Real Hillsborough story told by those so lucky to survive

Book review - Alan Aherne

Published 15/10/2016 | 00:00

Hillsborough Voices - The Real Story Told By The People Themselves
Hillsborough Voices - The Real Story Told By The People Themselves

Some events in history remain forever etched in the mind, moments in time guaranteed to never be forgotten.

For example, many of my parents' generation can still recall where they were and who they were with when the news came through that John F. Kennedy had been assassinated in 1963, or when Neil Armstrong set foot on the moon towards the end of the same decade.

From my own point of view, I will always remember Tuesday, September 11, 2001, when everyone in this newspaper office strained their necks in disbelief behind one of the few computer terminals with full internet access at the time as the Twin Towers came crashing down.

And sadly in a sporting context, the date April 15, 1989 will always be associated with one of the worst football disasters in history.

The blanket live coverage of all major cross-channel fixtures that we are so accustomed to nowadays was only a pipedream at the time.

Therefore, when Saturday afternoon television broke from the schedule for a newsflash some time before 3.30 p.m., it immediately grabbed everyone's full attention.

The scenes unfolding in full view of the cameras were harrowing, as 96 Liverpool football supporters were tragically crushed to death at the Leppings Lane end terrace of the Hillsborough stadium in Sheffield.

Their second successive FA Cup semi-final clash with Nottingham Forest at the venue was meant to be a celebration of the best of the English game, as the Reds were in their pomp at the time and manager Kenny Dalglish had a quality squad at his disposal.

However, within minutes of kick-off it was clear that something serious was amiss behind the goal housing the majority of the Liverpool travelling support.

'Hillsborough Voices - The Real Story Told By The People Themselves' by Kevin Sampson is the latest of several books devoted to a subject that the survivors have ensured has always remained prominent in public discourse.

It recalls the memories of several Liverpool supporters, along with one Nottingham Forest fan who watched the tragedy unfold from the opposite end of the field.

We are taken back to that weekend, initially to tales of excited fans securing their tickets in the days beforehand and setting off on their fateful journeys to a venue where overcrowding on the terrace had posed problems in the past.

It took until very recently for the truth to emerge after collusion between the police, politicians and certain sections of the British media ensured that the Liverpool fans were wrongly accused of causing a tragedy that sent shockwaves reverberating around the world and ultimately led to the insistence on all-seater venues.

The police opened a gate to alleviate a build-up of fans outside close to kick-off time, although for years they had the gall to claim that supporters had forced their way in.

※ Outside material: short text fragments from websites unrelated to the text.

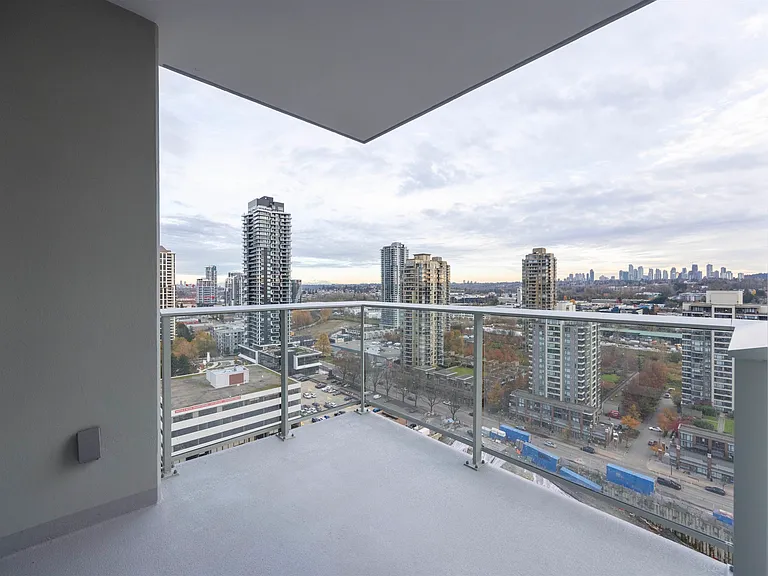4168 Lougheed Hwy #811 — Photo 10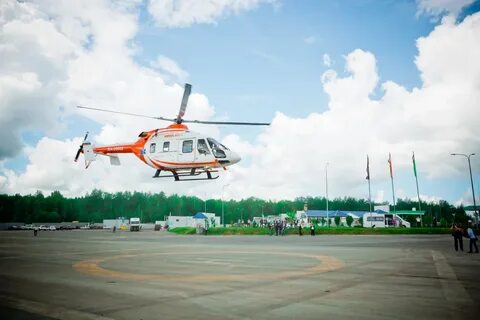 Над нижним новгородом летают вертолеты с флагами
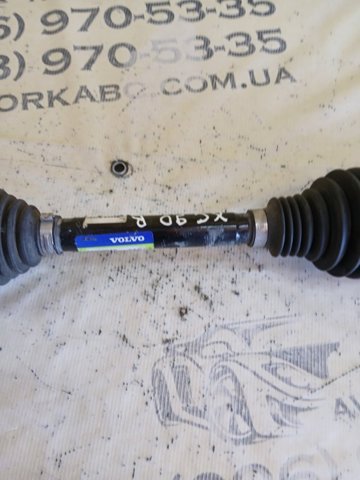 VOLVO 36003640 Правая полуось в наличии Черновцы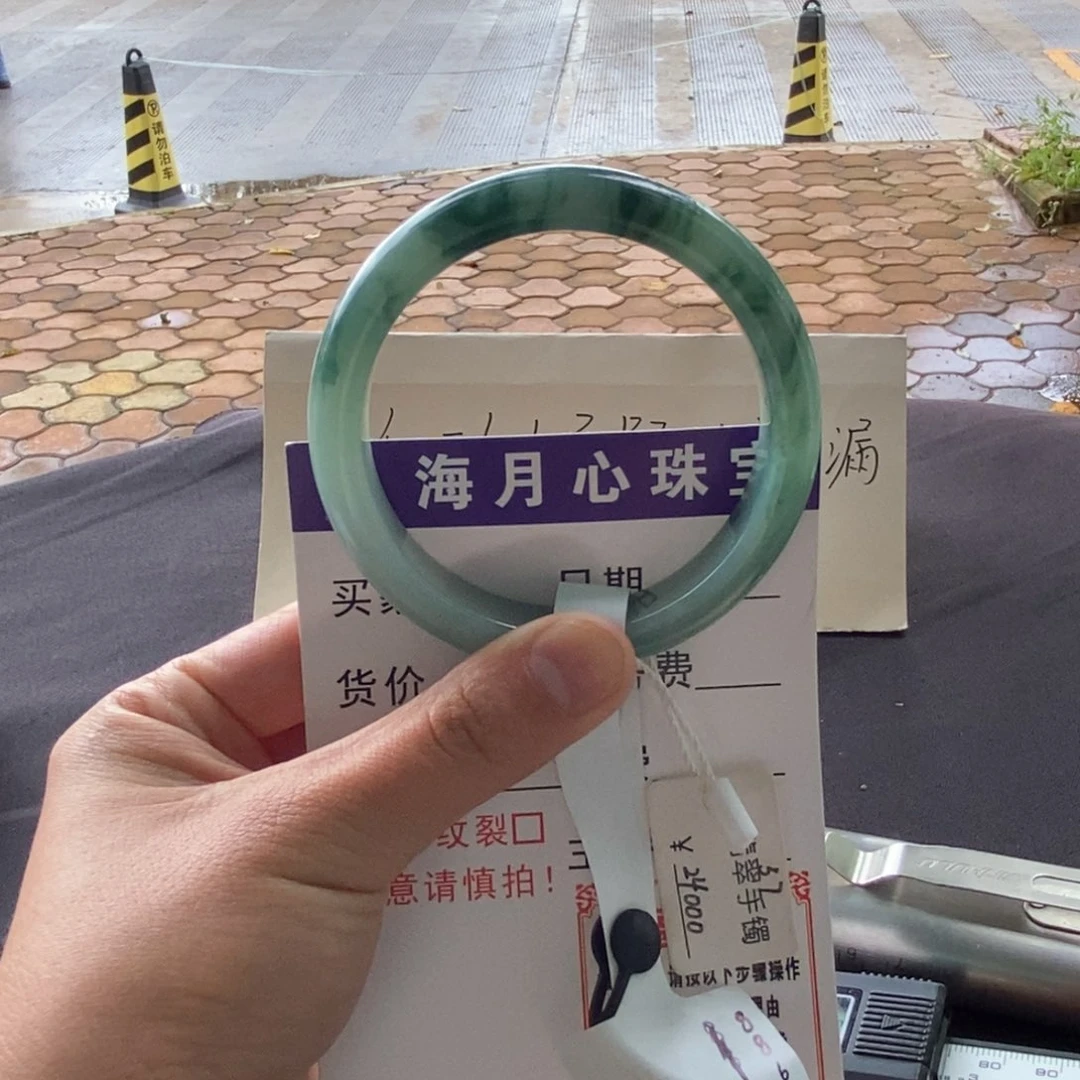 翡翠未镶嵌手镯手镯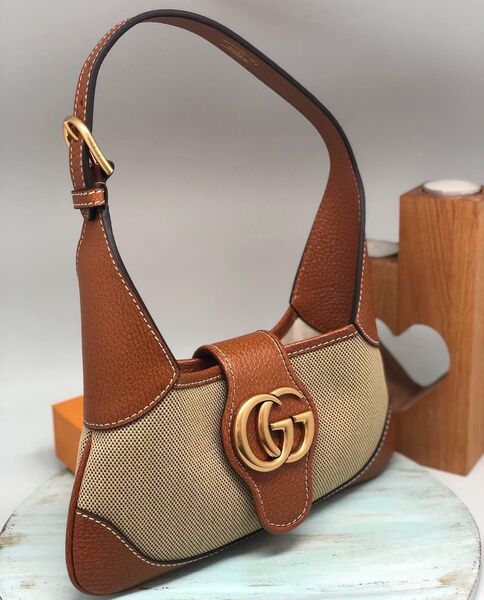 Сумка Gucci женский кожа бежевый 121001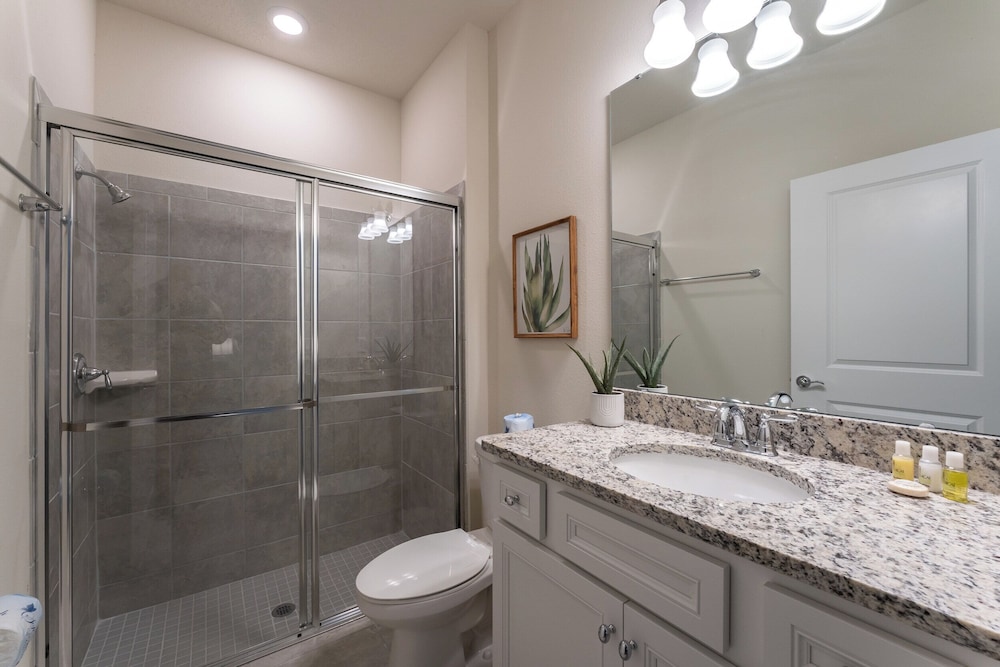 Amazing 8BR Villa by Disney Pool Theater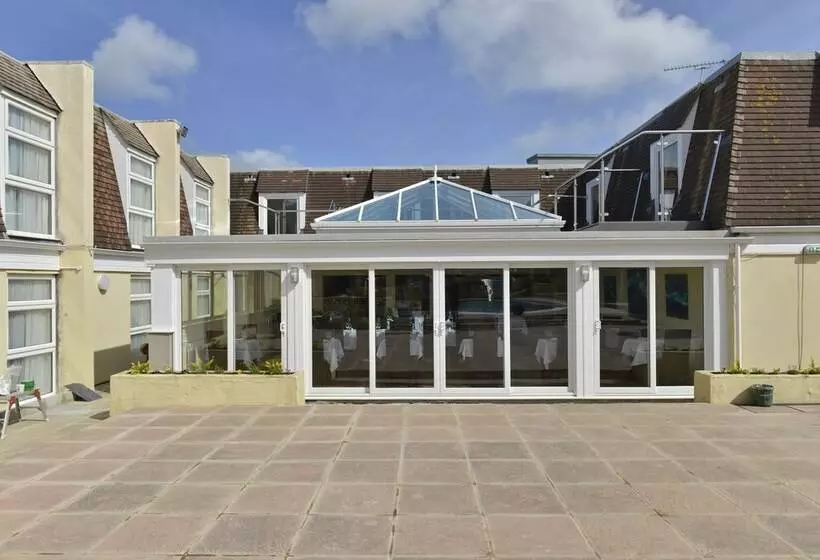 Отель Saints Bay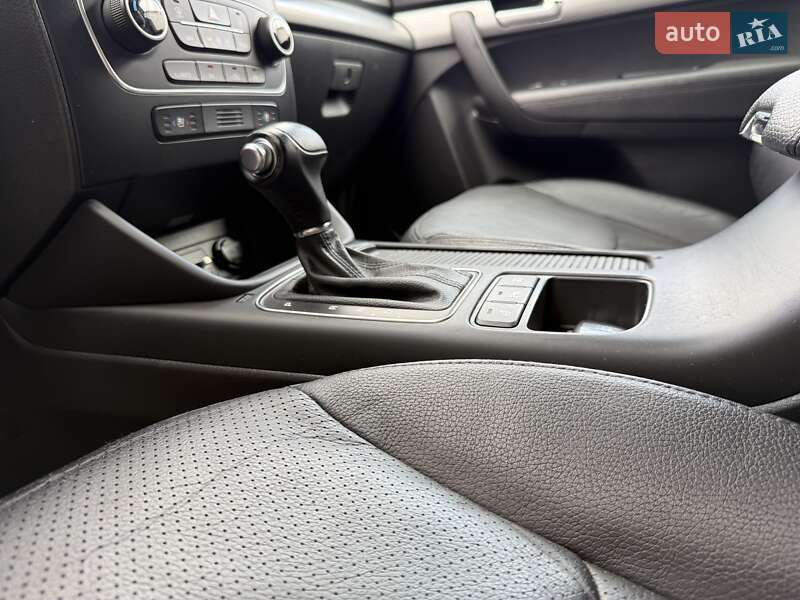 Позашляховик / Кросовер Kia Sorento 2014 в Стрию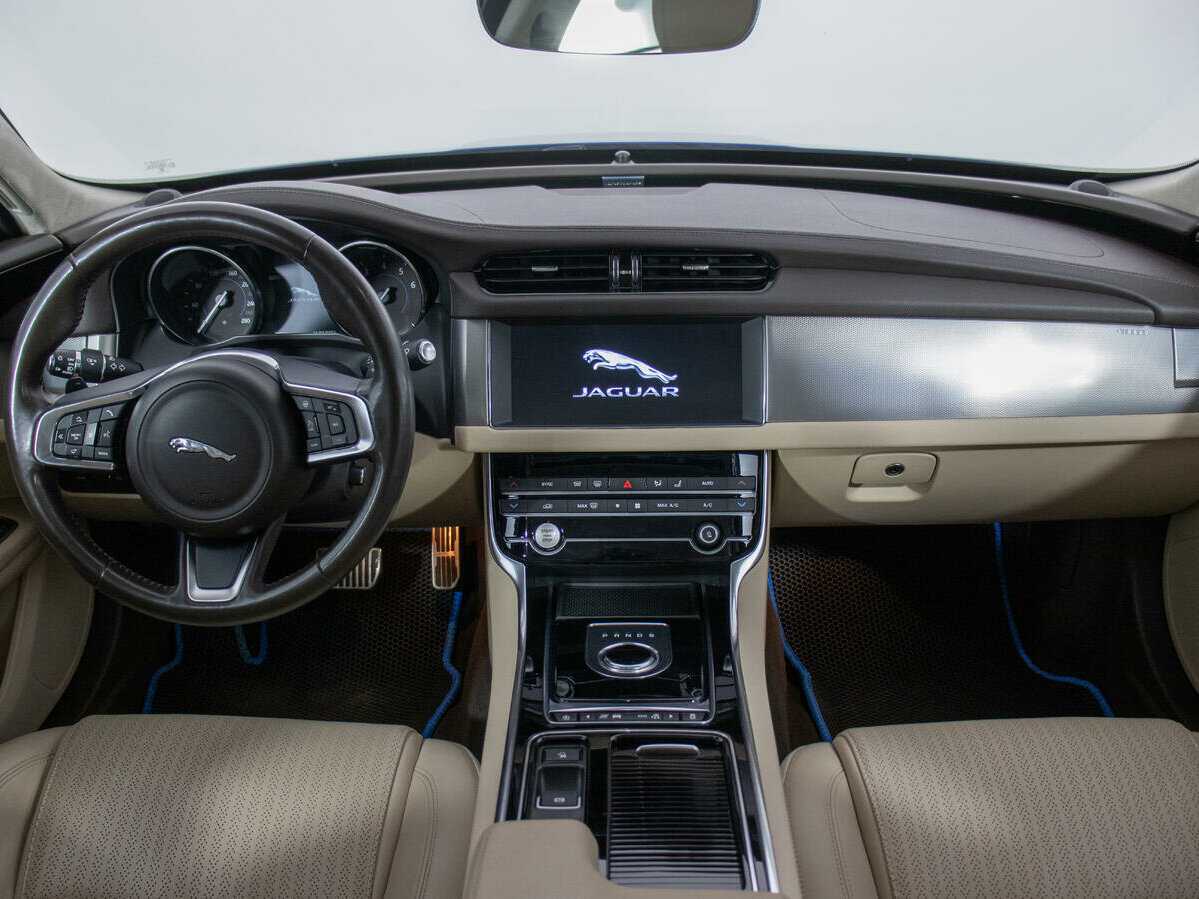 Купить Jaguar XF с пробегом. Фото: #16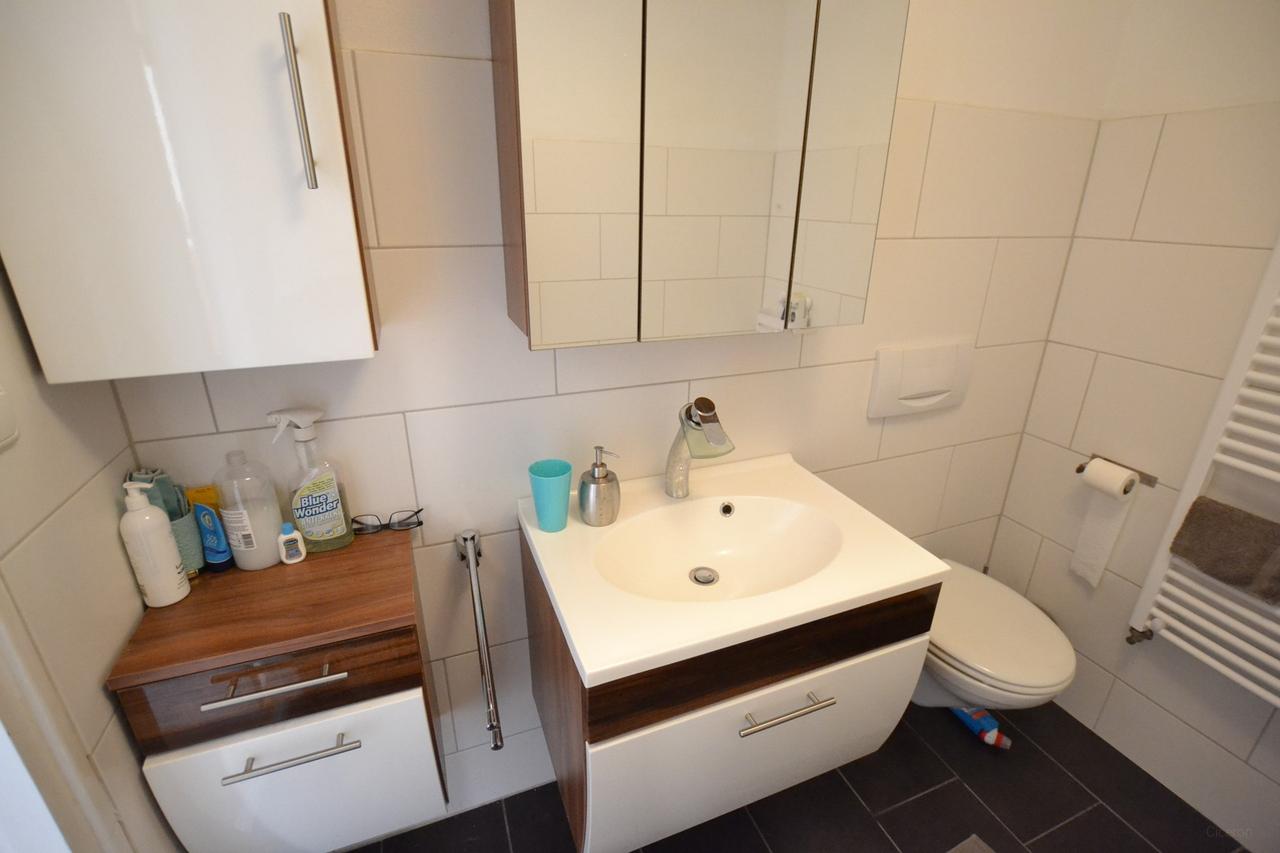 Eengezinswoning met 4 slaapkamers en tuin - Afbeelding 25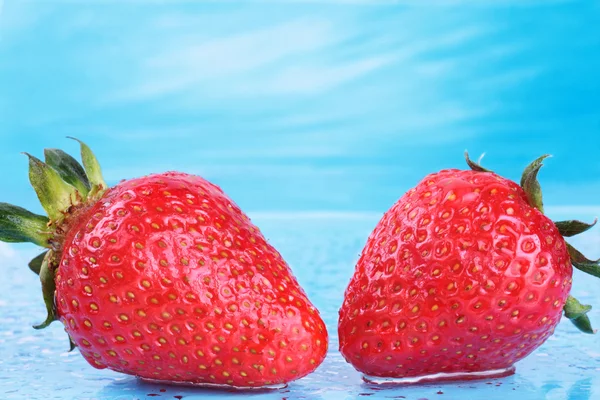 Två läckra jordgubbar — Stockfoto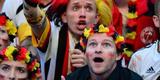 Milhares de alemes acompanham a grande deciso da Copa no Porto de Brandemburgo, em Berlim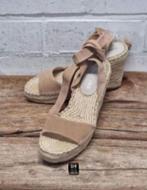 Kenneth Cole - Prachtige leren sleehakken maat 36 - Nieuw, Nieuw, Beige, Sandalen of Muiltjes, Ophalen of Verzenden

And then to compound that catastrophic decision, those gaining entry were allowed down a central tunnel to two already heavily-occupied pens directly behind the goal, when there was sufficient room to either side of the terrace.

What followed makes for tough reading, as 96 supporters who went to watch a football game never came home.

Their memories will never be forgotten by Liverpool supporters in particular, and that's the way it should always be.